YOUR OBJECTIVE
Return the line that has "gabor gestettner business card" and all lines below it through the last, exactly as they stand; omit pictures.

MATERIAL PROVIDED
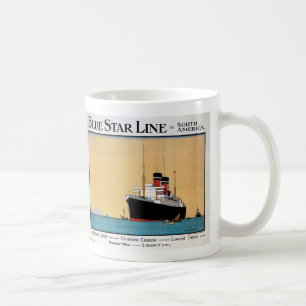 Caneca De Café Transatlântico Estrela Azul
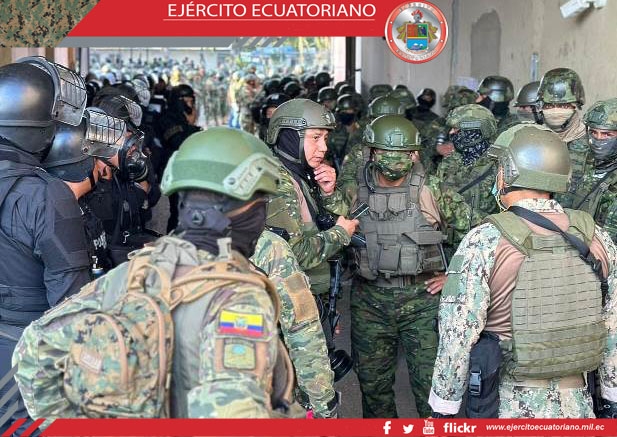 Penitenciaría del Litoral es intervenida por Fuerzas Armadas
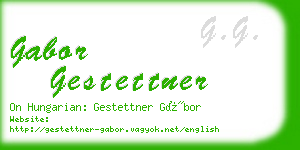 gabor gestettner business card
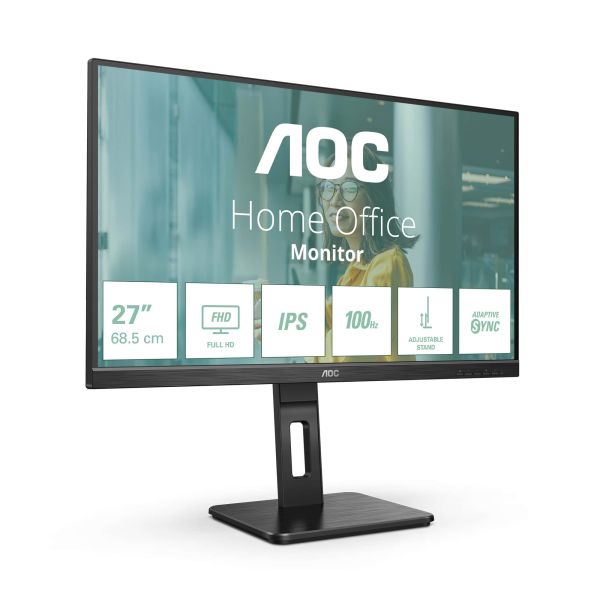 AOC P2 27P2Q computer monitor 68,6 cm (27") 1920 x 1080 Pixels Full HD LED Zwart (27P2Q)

OUTPUT BELOW
 gabor gestettner business card
 AOC P2 27P2Q computer monitor 68,6 cm (27") 1920 x 1080 Pixels Full HD LED Zwart (27P2Q)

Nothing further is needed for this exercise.